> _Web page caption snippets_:
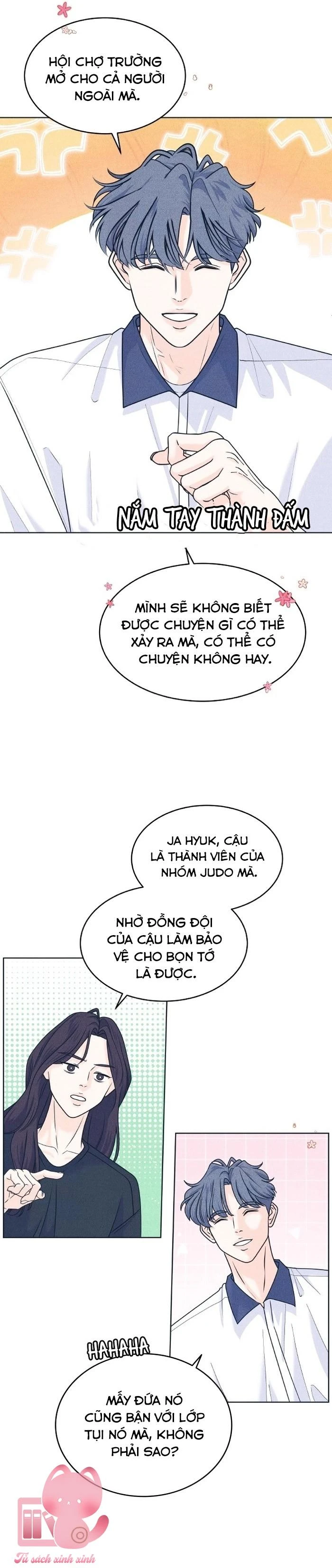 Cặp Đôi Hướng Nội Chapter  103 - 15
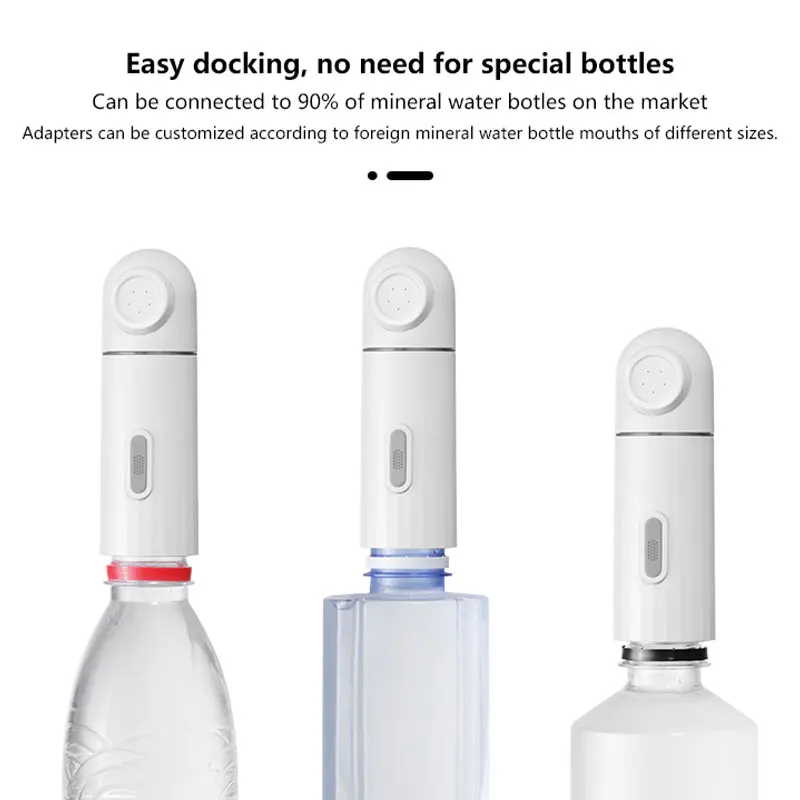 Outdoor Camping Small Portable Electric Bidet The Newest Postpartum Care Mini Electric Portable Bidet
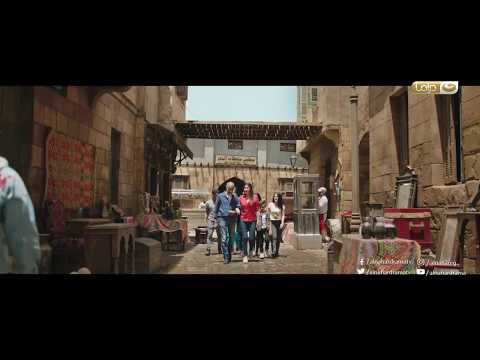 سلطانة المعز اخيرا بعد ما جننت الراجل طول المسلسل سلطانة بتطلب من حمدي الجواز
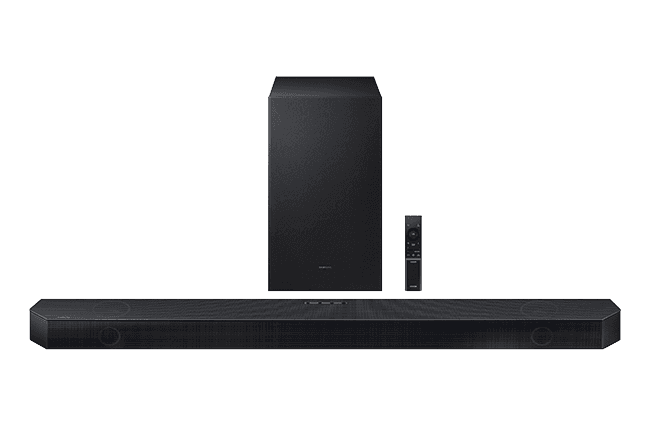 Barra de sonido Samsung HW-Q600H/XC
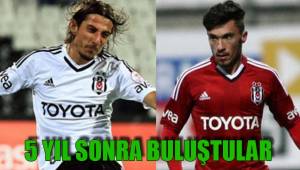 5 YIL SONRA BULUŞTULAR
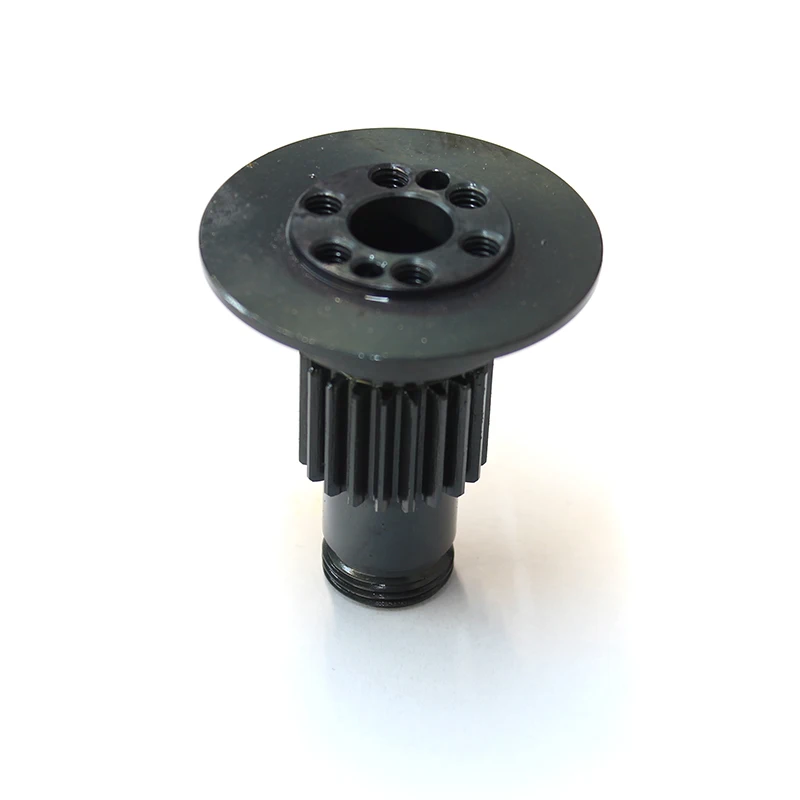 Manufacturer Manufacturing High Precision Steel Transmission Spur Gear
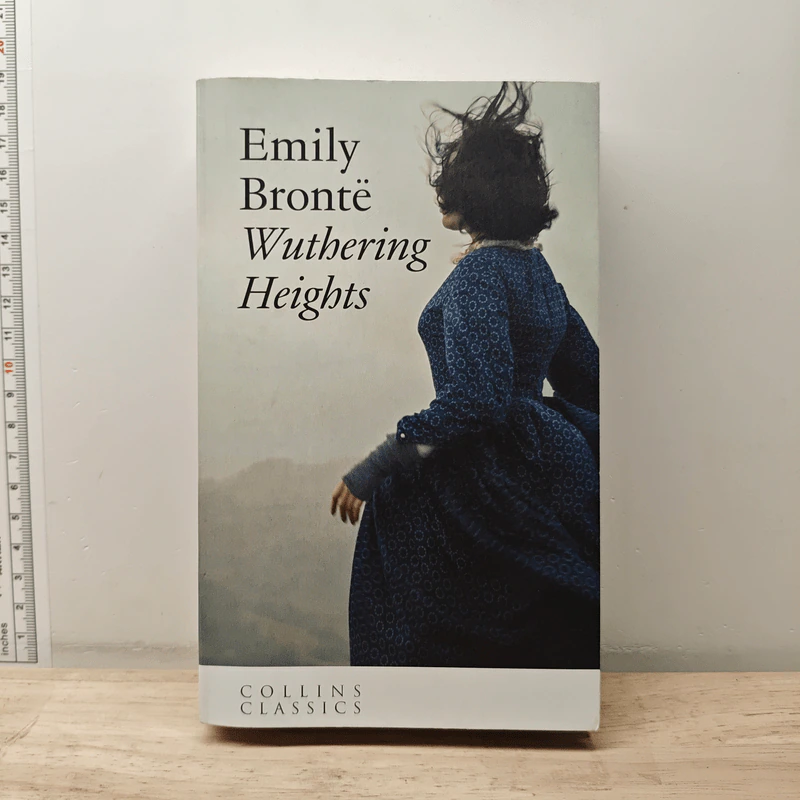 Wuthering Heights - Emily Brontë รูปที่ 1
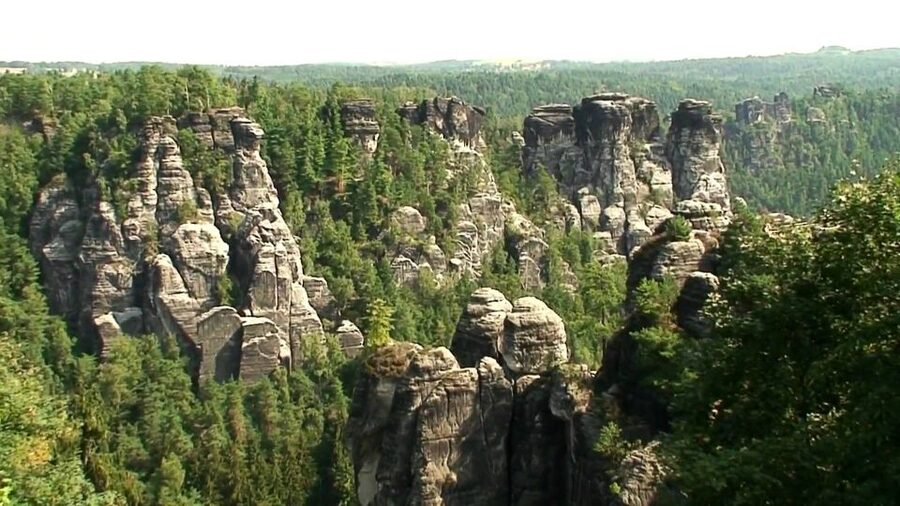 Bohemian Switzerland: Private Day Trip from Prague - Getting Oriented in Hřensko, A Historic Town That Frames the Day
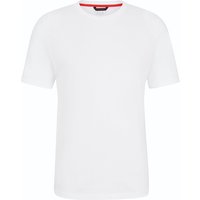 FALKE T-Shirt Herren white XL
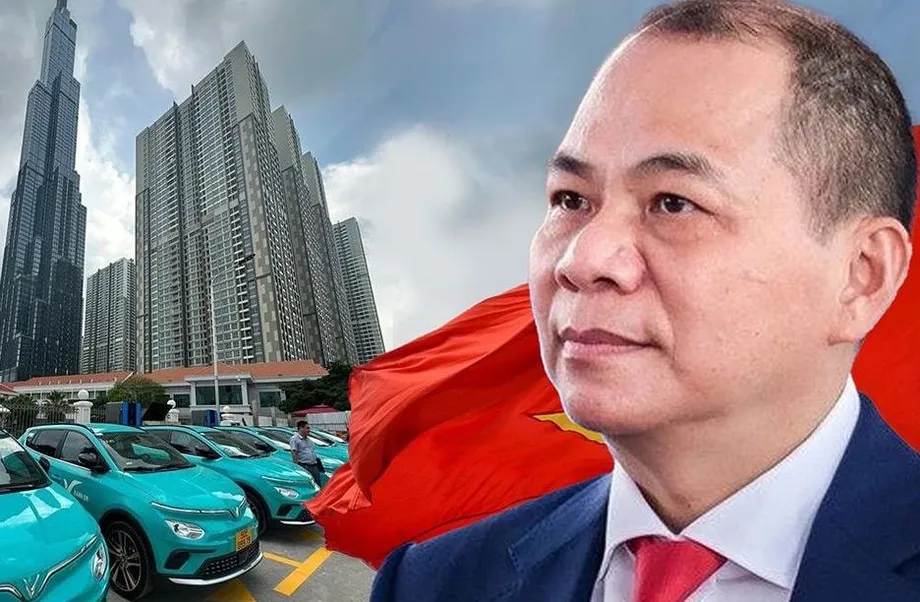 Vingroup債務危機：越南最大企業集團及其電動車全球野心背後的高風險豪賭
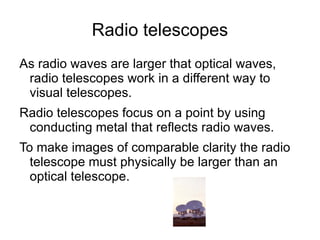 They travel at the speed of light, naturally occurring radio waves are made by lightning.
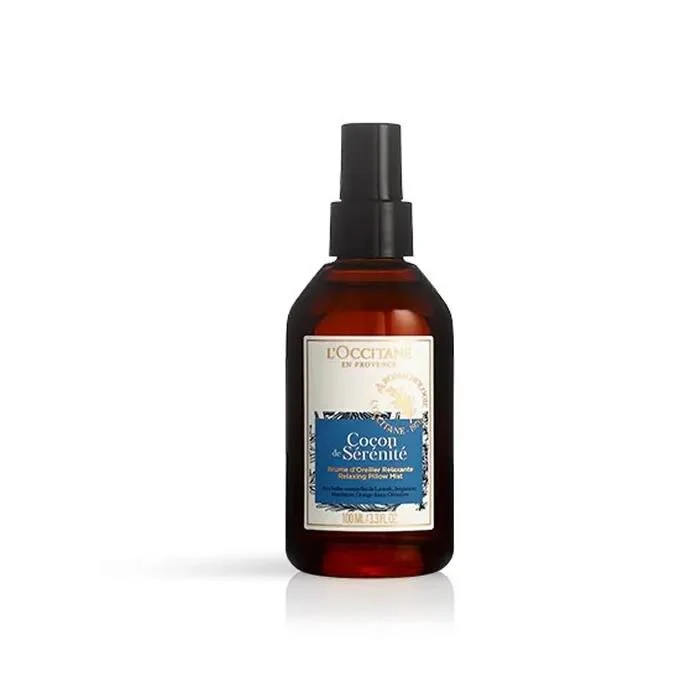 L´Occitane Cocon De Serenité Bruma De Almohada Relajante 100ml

> _YOUR INSTRUCTIONS_: When you reproduce the entries above, keep every word exact and leave the images out.

> _WRITTEN RESPONSE_:
 Cặp Đôi Hướng Nội Chapter  103 - 15
 Outdoor Camping Small Portable Electric Bidet The Newest Postpartum Care Mini Electric Portable Bidet
 سلطانة المعز اخيرا بعد ما جننت الراجل طول المسلسل سلطانة بتطلب من حمدي الجواز
 Barra de sonido Samsung HW-Q600H/XC
 5 YIL SONRA BULUŞTULAR
 Manufacturer Manufacturing High Precision Steel Transmission Spur Gear
 Wuthering Heights - Emily Brontë รูปที่ 1
 Bohemian Switzerland: Private Day Trip from Prague - Getting Oriented in Hřensko, A Historic Town That Frames the Day
 FALKE T-Shirt Herren white XL
 Vingroup債務危機：越南最大企業集團及其電動車全球野心背後的高風險豪賭
 They travel at the speed of light, naturally occurring radio waves are made by lightning.
 L´Occitane Cocon De Serenité Bruma De Almohada Relajante 100ml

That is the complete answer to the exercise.